Redo CA was recommended if atrial tachyarrhythmia occurred after 3 months postoperatively in both the HA and CA groups. In the event of redo CA, the lesions made in the initial thoracoscopic surgical ablation or CA were checked for conduction gaps and re-ablated as needed. The ablation procedures targeted mainly re-isolation of PVs where conduction recovery was detected as well as substrate modification that included the anterior wall, roof, mitral isthmus, coronary sinus, cavotricuspid isthmus, and SVC orifice. If atrial flutter was demonstrated after the initial procedure, activation mapping and voltage mapping were performed to identify culprit gaps or linear lesion with conduction recovery and ablation was followed. If AF or atrial flutter persisted, intravenous ibutilide was administered or cardioversion was carried out to restore SR.

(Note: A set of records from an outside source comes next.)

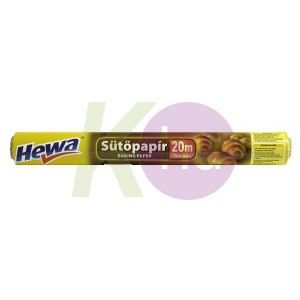 Hewa sütőpapír standard 20m 22003347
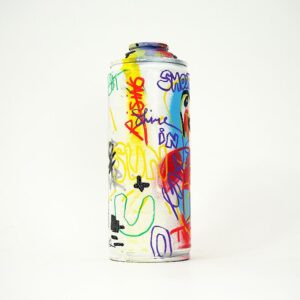 Bombe peinte DONOMIQ - B023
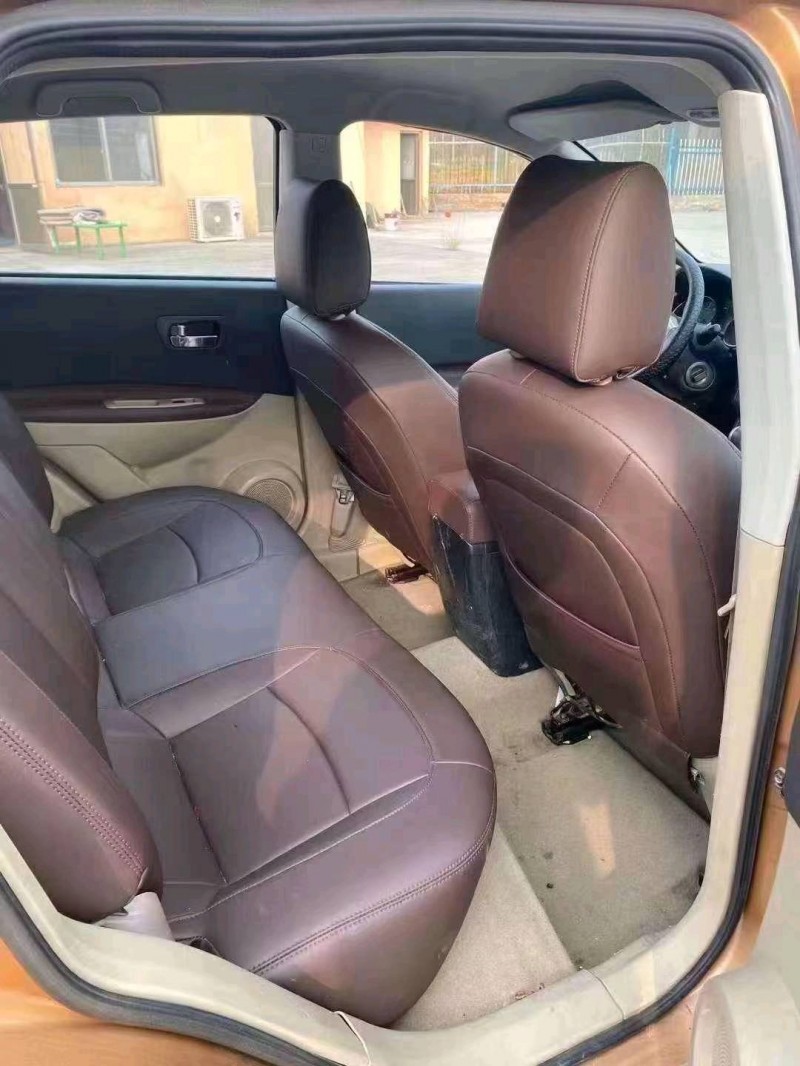 济宁13年日产逍客5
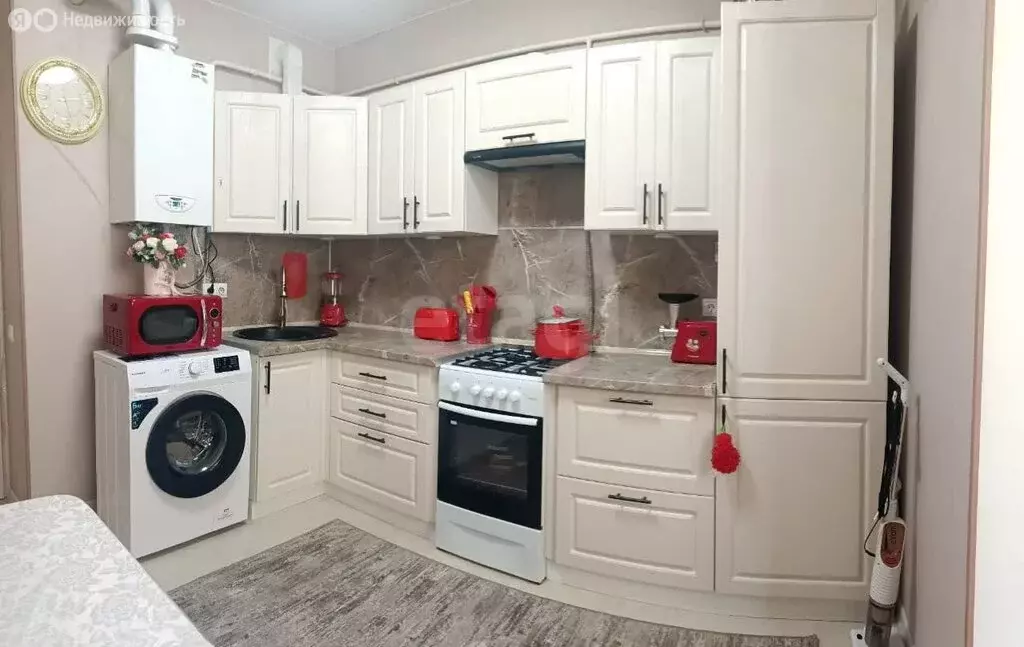 1-комнатная квартира: Анапа, Крестьянская улица, 27к5 (32.8 м) - Фото 1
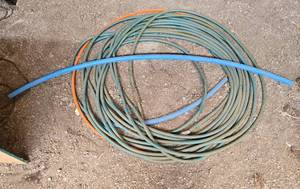 lot 85 image: Outdoor Garden Hose with Multiple Colors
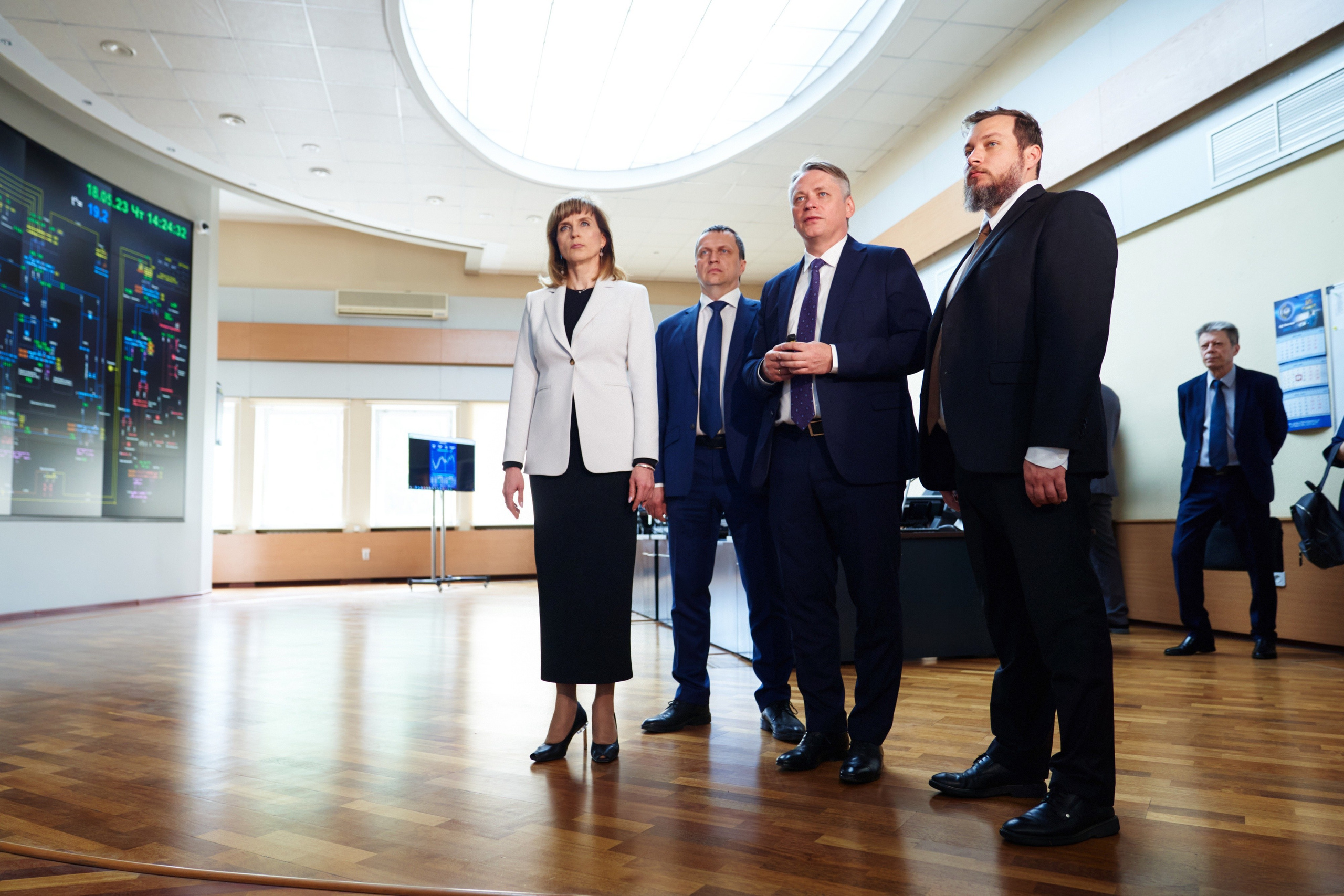 Деловые мероприятия. Главная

Postoperative Drug Treatment

In the HA group, class III antiarrhythmic drugs (AADs) with preference to sotalol would be routinely applied after ablation until 3 months. Anticoagulants were used as soon as bleeding risk was acceptable. It was advised to continue AADs if atrial tachyarrhythmia occurred after 3 months postoperatively, and continuation of oral anticoagulants or antiplatelet drugs relied on the risk of stroke according to the CHA₂DS₂-VASc score or LAA stump. In the CA group, AADs and oral anticoagulants were routinely applied after ablation until 3 months. Continuation of oral anticoagulants and AADs were advised if atrial tachyarrhythmia occurred.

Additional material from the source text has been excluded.